NEW YORK — Around $370 million worth of TV stations have traded hands with the express purpose of offering them up in the incentive auction, Wells Fargo analysts report. In round numbers, at least 70 TV stations are going on the block through the group led by former Disney lobbyist Preston Padden, who described them as “heavily weighted toward the largest markets.”

Both Padden and the Wells Fargo team, led by Marci Ryvicker, attended the SNL Kagan Broadcast Summit in New York on Thursday.

Padden said his group “remains bullish about the prospects for a successful auction by the end of 2014.” Broadcasters at the summit pegged 2015-16 as a more realistic timeframe, Ryvicker said.

“Some of the concerns they raised include repacking, the Mexican and Canadian border issues, the uncertainty around final spectrum proceeds, and the overall complexity of the entire auction process,” she wrote in a note released today.

One element of that complexity involves how stations will be repacked into whatever spectrum remains dedicated to television after the auctions.
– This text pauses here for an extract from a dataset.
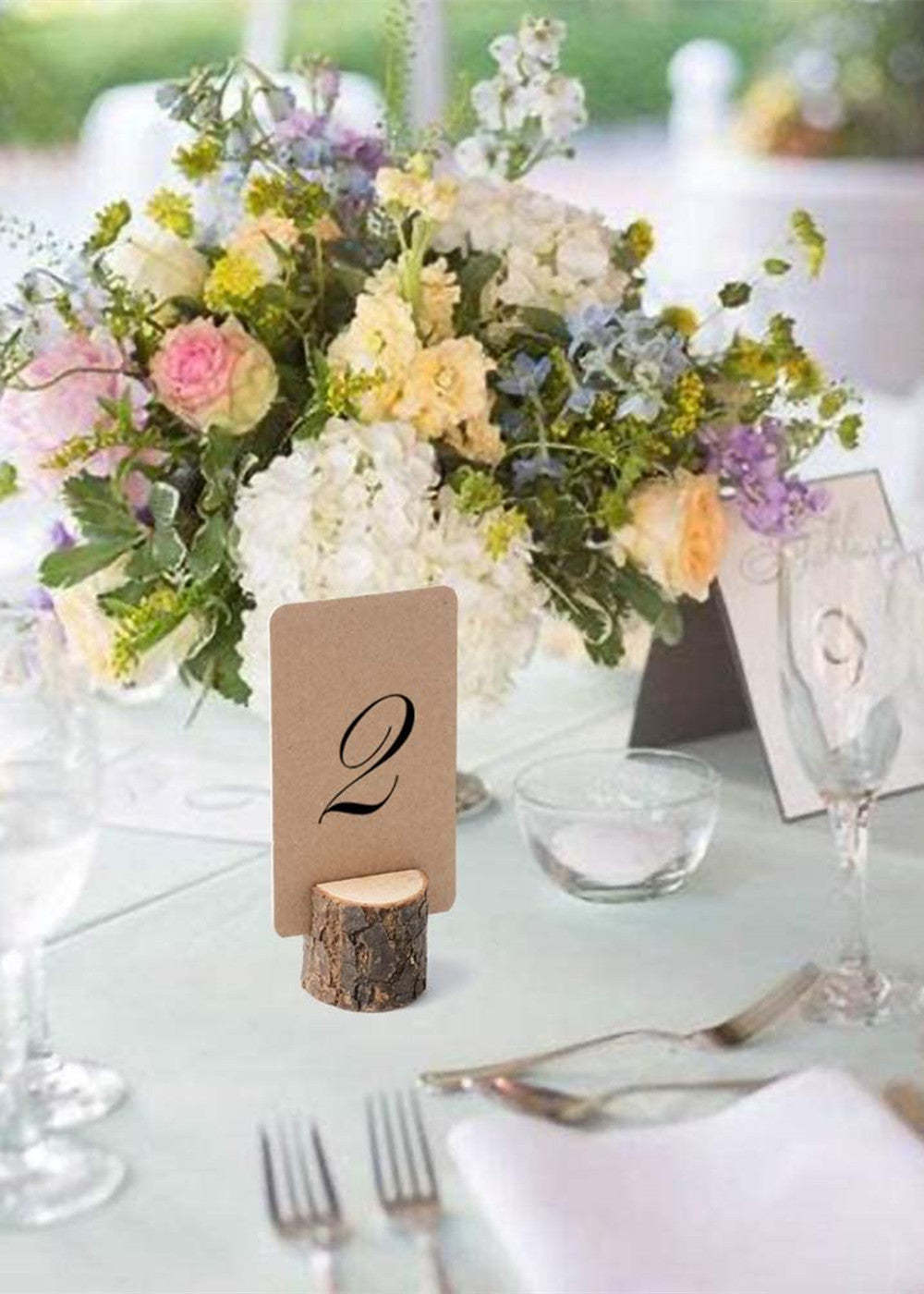 10 PCS Rustic Table Number Holders Stands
The Federal Communications Commission is pushing for a variable band plan allowing TV stations and wireless broadband to occupy the same channels in different markets. Broadcasters and wireless providers are pushing back.
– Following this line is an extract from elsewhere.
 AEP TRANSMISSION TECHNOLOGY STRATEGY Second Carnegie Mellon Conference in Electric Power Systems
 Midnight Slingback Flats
The commission is also contemplating limits on participation so that Verizon and AT&T don’t dominate the auction as they did the 2008 auction of 700 MHz TV spectrum.
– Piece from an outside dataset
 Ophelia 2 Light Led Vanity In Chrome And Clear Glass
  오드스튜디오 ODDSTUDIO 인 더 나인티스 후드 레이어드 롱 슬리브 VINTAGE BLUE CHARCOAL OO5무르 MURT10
“We think there could be restrictions, but not outright exclusions,” the Wells Fargo team said.

The other obstacle to a 2014 auction is that the commission remains two commissioners short of a full house. Tom Wheeler remains unconfirmed by the Senate as the new chairman, and a second Republican has yet to be nominated. The three sitting commissioners will hear an update on the incentive auction at their regular meeting on Thursday, June 27, from the Incentive Auction Task Force.

The TV station market is heating up in the meantime. The Wells Fargo team reports that between $7 billion and $8 billion in TV assets are up for sale, or likely to be put on the block in the next 12 to 24 months. The current focus of mergers and acquisitions remains private equity deals, followed by “mergers of equals,” as with the Media General-Young Broadcasting deal announced Thursday.

“While retrans is still a big driver of synergies, there is more focus on efficiencies from both a cost perspective and duopolies,” the Wells Fargo team said. “One key point—negotiations haven’t gotten tougher, with sellers multiples still 8-9x and buyers at 5-6x.”

Overall, the analysts pronounced the core business of broadcasting to be healthy. Automotive advertising is driving growth again; telecomm, particularly T-Mobile, is strong, as well as “anything related to housing,” they said.

On the retrans front, broadcasters told the analysts that revenues will be split 50-50 with networks over the next three to four years, and many reported getting average fees of around $1 per sub per month. Retrans contracts are averaging about three years, they said, compared to five years for reverse compensation contracts with the networks.

“In our view,” they said, “this is a positive, as this structure allows operators to negotiate retrans twice during each reverse comp window.”